'''
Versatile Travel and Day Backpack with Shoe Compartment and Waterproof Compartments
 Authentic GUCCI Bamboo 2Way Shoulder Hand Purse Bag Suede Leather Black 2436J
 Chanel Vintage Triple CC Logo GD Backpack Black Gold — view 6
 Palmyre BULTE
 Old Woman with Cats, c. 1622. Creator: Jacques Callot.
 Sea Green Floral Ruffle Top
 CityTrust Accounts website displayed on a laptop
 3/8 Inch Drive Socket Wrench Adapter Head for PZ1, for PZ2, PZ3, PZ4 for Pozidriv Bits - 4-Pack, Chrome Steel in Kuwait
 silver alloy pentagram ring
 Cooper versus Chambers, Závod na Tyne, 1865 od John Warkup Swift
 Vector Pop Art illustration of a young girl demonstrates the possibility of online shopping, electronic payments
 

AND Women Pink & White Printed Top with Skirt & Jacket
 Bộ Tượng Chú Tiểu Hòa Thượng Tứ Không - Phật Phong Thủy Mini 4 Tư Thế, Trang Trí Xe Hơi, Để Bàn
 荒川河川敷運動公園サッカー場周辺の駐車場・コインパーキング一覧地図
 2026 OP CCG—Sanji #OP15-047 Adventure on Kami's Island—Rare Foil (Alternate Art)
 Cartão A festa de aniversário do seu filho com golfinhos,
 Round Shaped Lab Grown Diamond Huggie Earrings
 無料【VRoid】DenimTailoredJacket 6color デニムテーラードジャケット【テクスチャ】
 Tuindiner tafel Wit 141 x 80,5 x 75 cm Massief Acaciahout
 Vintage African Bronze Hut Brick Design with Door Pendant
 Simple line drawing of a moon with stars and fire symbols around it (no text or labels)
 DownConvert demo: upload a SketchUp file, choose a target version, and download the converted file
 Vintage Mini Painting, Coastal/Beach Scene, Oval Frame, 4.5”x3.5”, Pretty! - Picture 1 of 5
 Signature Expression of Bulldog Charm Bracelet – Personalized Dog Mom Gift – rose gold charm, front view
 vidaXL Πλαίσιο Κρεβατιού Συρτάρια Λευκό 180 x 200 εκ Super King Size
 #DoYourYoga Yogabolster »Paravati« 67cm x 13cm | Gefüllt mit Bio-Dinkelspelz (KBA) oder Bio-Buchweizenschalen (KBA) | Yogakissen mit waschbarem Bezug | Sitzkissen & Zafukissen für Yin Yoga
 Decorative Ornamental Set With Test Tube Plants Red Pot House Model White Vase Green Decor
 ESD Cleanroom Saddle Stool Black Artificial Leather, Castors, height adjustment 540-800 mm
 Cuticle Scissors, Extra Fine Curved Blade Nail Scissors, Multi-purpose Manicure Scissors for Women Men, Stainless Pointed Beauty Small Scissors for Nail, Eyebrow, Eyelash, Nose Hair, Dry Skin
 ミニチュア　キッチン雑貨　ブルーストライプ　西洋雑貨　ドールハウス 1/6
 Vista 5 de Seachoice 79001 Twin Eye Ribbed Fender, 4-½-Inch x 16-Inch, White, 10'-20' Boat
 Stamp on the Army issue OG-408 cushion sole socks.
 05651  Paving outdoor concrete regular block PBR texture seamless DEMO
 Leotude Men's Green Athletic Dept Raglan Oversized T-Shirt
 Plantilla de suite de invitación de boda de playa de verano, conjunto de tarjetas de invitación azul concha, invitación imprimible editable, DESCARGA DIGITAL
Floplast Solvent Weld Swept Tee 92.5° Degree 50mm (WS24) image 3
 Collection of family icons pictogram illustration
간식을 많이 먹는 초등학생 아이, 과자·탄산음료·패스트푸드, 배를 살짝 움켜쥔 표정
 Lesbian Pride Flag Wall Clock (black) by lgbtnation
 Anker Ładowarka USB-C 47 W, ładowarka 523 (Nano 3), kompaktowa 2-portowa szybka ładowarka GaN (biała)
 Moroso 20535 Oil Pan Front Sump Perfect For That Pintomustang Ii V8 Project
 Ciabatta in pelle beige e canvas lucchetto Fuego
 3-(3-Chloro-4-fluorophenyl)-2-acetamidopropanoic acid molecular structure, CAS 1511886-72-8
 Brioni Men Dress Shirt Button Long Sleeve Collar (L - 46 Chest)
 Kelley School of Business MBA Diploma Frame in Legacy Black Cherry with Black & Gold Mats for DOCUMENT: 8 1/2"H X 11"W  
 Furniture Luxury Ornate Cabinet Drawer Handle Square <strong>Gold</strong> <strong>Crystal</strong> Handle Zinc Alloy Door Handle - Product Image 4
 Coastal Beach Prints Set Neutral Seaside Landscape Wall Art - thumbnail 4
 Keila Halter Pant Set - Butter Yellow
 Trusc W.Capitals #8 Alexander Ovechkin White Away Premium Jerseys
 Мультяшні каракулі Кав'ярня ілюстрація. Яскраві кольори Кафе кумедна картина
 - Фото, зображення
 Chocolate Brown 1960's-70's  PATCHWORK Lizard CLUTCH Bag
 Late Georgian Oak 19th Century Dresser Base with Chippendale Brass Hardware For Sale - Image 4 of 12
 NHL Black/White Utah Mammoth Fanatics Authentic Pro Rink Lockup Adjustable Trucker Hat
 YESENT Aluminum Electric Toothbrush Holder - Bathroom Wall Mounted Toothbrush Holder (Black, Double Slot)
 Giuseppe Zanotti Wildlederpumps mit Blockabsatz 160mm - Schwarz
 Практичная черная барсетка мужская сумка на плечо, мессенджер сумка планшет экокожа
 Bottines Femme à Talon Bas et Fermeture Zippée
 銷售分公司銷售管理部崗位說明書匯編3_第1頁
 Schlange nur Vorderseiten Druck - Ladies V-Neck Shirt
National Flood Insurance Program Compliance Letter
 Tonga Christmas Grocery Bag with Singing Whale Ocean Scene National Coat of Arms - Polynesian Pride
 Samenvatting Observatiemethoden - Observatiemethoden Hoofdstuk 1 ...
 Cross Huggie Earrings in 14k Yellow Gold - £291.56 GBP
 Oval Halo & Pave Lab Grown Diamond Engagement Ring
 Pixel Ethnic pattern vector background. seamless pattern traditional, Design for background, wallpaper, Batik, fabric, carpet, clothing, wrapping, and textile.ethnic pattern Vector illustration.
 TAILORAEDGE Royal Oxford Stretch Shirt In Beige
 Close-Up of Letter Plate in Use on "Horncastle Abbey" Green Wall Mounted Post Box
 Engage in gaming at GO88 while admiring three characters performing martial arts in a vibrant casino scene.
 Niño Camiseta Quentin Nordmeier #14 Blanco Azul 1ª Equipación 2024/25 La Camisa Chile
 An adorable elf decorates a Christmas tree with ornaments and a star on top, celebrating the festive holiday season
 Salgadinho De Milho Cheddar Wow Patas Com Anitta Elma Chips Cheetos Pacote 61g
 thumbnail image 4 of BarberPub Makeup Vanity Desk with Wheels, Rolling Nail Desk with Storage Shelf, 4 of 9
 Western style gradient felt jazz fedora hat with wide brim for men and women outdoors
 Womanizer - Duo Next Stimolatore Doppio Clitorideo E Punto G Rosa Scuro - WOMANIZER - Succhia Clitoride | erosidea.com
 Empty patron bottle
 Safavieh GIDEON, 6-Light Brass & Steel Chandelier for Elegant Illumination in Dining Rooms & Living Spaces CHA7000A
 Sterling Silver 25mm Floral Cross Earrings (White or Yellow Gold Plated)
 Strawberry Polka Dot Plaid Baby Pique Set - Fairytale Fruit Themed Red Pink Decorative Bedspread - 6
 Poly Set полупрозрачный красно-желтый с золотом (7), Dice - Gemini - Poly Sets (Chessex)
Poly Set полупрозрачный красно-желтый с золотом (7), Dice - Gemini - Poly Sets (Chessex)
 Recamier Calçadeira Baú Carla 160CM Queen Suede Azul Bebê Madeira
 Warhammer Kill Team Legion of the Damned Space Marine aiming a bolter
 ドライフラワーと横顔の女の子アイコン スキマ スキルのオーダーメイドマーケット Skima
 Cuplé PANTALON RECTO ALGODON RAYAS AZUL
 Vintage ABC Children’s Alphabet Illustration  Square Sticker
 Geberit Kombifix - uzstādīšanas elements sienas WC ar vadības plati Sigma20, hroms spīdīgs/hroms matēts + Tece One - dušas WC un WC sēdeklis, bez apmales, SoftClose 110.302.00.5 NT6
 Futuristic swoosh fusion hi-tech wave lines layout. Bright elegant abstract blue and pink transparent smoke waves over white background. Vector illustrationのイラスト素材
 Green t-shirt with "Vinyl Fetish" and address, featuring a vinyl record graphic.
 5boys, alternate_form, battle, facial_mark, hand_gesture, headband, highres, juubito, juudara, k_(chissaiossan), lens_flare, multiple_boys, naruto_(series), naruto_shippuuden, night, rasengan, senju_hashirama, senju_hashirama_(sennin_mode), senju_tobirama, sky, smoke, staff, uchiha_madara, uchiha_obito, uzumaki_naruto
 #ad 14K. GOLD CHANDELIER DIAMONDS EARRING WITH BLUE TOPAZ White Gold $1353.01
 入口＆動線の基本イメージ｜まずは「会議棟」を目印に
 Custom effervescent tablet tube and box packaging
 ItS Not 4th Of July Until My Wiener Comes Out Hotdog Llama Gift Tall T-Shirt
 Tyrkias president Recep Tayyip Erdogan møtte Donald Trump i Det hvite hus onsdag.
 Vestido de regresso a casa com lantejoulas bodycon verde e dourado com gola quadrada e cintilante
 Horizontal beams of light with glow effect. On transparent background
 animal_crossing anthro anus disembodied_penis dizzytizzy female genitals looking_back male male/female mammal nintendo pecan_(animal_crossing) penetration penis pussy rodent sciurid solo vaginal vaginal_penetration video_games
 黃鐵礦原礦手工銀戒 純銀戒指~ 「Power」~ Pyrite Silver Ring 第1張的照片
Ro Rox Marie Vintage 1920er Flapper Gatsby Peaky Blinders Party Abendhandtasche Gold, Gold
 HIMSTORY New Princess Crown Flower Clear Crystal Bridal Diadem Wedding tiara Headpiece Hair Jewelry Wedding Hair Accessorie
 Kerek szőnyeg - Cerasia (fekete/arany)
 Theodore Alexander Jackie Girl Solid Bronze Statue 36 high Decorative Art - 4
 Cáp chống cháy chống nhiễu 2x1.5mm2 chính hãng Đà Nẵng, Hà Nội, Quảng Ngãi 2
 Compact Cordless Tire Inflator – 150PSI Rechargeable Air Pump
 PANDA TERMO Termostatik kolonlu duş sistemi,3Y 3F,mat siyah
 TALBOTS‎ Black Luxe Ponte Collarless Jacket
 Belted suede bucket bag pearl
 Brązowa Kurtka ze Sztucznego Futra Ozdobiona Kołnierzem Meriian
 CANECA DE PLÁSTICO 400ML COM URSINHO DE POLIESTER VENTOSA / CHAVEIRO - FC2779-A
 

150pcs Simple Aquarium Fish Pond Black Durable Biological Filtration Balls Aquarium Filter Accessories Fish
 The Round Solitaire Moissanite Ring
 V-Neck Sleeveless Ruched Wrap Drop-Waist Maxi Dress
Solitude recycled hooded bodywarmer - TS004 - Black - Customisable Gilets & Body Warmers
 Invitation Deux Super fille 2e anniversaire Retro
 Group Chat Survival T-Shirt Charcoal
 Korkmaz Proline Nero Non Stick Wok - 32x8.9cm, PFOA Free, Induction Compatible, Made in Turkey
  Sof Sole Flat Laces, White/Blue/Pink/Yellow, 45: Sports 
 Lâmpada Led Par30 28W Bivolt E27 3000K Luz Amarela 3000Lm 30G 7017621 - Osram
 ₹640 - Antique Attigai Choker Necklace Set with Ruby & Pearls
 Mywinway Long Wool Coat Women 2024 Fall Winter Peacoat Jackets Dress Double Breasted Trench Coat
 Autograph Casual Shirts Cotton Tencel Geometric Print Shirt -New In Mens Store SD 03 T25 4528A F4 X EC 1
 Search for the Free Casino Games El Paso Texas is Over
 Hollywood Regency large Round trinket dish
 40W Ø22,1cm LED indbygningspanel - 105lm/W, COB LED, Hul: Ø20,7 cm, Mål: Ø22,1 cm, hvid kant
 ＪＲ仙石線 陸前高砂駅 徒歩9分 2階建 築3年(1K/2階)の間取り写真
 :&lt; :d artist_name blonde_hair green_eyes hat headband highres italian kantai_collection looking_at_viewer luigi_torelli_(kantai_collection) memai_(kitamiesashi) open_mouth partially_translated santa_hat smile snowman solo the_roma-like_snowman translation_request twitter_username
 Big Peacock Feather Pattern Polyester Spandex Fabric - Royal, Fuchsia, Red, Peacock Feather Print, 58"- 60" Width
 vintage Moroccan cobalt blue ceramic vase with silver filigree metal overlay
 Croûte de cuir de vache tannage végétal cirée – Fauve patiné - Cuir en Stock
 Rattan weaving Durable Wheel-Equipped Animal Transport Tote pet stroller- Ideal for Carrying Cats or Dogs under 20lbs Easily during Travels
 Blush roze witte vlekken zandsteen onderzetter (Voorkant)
'''
Exercise prompt: Each line from the top of the listing down to and including the one containing "Vintage Mini Painting, Coastal/Beach" should be transcribed exactly; nothing else is to be output.

Result of this task:
Versatile Travel and Day Backpack with Shoe Compartment and Waterproof Compartments
 Authentic GUCCI Bamboo 2Way Shoulder Hand Purse Bag Suede Leather Black 2436J
 Chanel Vintage Triple CC Logo GD Backpack Black Gold — view 6
 Palmyre BULTE
 Old Woman with Cats, c. 1622. Creator: Jacques Callot.
 Sea Green Floral Ruffle Top
 CityTrust Accounts website displayed on a laptop
 3/8 Inch Drive Socket Wrench Adapter Head for PZ1, for PZ2, PZ3, PZ4 for Pozidriv Bits - 4-Pack, Chrome Steel in Kuwait
 silver alloy pentagram ring
 Cooper versus Chambers, Závod na Tyne, 1865 od John Warkup Swift
 Vector Pop Art illustration of a young girl demonstrates the possibility of online shopping, electronic payments
 

AND Women Pink & White Printed Top with Skirt & Jacket
 Bộ Tượng Chú Tiểu Hòa Thượng Tứ Không - Phật Phong Thủy Mini 4 Tư Thế, Trang Trí Xe Hơi, Để Bàn
 荒川河川敷運動公園サッカー場周辺の駐車場・コインパーキング一覧地図
 2026 OP CCG—Sanji #OP15-047 Adventure on Kami's Island—Rare Foil (Alternate Art)
 Cartão A festa de aniversário do seu filho com golfinhos,
 Round Shaped Lab Grown Diamond Huggie Earrings
 無料【VRoid】DenimTailoredJacket 6color デニムテーラードジャケット【テクスチャ】
 Tuindiner tafel Wit 141 x 80,5 x 75 cm Massief Acaciahout
 Vintage African Bronze Hut Brick Design with Door Pendant
 Simple line drawing of a moon with stars and fire symbols around it (no text or labels)
 DownConvert demo: upload a SketchUp file, choose a target version, and download the converted file
 Vintage Mini Painting, Coastal/Beach Scene, Oval Frame, 4.5”x3.5”, Pretty! - Picture 1 of 5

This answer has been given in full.